The month of October, for some people, means only one thing: Halloween. With candy corn lights, a 1920s flapper costume and a trip to the local orchard planned to choose the perfect pumpkin, I am among those people.
Along with the National Retail Federation’s estimated 157 million Americans, I will continue my tradition of being a sucker for Oct. 31 this year. At the root of my excitement, primarily, is a new addition for me; I will actually pass candy out to trick-or-treaters for Halloween 2015. Having grown up on a side street with no sidewalks and few street lights, we never got many trick-or-treaters at my house, especially by the time I had aged out of the activity. Six years went by of college and apartment living with annual viewings of “The Rocky Horror Picture Show” and lots of fun dressing up, but something was missing, something that could only be found in the joy of giving Kit Kats and Reese’s cups to tiny persons clad in princess, dinosaur, superhero or adorable insect attire.
But this year, my boyfriend, who lives in an apartment complex crawling with children, will be off work in time to give out candy. His bemused smirk told me he had not expected my eagerness to participate when he told me the news.
Seriously, my excitement is at an irrational level.

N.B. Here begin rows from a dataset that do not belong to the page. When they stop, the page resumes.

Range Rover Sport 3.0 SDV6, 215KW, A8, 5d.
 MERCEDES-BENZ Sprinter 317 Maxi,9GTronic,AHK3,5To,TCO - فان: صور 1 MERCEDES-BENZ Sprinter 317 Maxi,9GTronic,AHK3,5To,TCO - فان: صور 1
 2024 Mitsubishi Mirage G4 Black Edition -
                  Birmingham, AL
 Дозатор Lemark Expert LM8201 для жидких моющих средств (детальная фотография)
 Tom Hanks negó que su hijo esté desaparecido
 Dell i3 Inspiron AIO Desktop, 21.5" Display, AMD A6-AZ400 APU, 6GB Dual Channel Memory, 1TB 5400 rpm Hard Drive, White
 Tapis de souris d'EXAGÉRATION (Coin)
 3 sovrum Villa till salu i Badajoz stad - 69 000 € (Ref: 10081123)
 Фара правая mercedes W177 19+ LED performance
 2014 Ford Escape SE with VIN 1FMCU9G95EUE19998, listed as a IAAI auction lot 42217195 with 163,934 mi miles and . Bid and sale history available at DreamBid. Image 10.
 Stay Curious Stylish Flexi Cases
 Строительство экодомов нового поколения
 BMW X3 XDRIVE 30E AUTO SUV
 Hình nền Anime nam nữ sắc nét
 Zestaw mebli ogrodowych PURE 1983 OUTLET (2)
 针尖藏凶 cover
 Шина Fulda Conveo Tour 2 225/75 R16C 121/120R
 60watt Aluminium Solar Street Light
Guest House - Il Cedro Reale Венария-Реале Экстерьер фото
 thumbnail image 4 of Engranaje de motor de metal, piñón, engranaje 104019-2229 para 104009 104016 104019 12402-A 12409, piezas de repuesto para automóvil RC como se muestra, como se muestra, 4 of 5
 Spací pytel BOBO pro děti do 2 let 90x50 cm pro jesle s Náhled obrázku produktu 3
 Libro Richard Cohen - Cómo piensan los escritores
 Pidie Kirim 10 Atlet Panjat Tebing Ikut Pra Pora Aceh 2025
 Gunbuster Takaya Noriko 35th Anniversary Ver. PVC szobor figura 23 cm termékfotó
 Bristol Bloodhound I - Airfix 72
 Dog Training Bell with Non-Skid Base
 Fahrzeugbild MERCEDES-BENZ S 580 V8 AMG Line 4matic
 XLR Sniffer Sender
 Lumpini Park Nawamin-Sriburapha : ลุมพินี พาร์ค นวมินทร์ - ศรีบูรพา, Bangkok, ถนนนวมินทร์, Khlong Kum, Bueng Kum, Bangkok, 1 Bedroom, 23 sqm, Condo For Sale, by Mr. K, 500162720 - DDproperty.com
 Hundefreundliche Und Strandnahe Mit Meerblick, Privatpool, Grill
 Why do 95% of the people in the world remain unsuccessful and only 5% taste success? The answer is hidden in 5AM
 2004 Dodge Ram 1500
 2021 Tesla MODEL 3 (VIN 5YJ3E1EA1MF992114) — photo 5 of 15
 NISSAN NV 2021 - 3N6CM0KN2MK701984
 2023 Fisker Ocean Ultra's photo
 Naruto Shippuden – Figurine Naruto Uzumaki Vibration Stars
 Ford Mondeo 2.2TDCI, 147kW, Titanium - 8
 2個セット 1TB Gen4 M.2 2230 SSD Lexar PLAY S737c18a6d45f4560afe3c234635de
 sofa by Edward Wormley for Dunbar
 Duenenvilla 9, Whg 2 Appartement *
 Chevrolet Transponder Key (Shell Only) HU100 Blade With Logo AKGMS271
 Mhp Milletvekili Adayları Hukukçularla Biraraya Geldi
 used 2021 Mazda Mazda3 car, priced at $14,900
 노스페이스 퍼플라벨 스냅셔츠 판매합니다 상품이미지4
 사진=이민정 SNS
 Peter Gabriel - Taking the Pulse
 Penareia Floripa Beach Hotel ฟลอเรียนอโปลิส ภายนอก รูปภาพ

The only conclusion I can reach is that my own memories of Halloween as a child have fed my thrill as an adult. Although I plan to be sweet to the kiddos – complimenting the cute costumes and convincingly feigning fright at the attempted scary costumes as I dole out generous handfuls of candy – my favorite memories involve fear, mystery or suspense.
The anticipation of Halloween night brought mystery in itself – clocks striking midnight, clouds drifting past a full moon, fog-covered cemeteries, urban legends coming to life. Being a tomboy in a straight-laced Christian household, my yearning to wear a scary costume instead of a cute one was almost always thwarted, so much was my joy when, while trick-or-treating, we came to houses enshrouded in terror.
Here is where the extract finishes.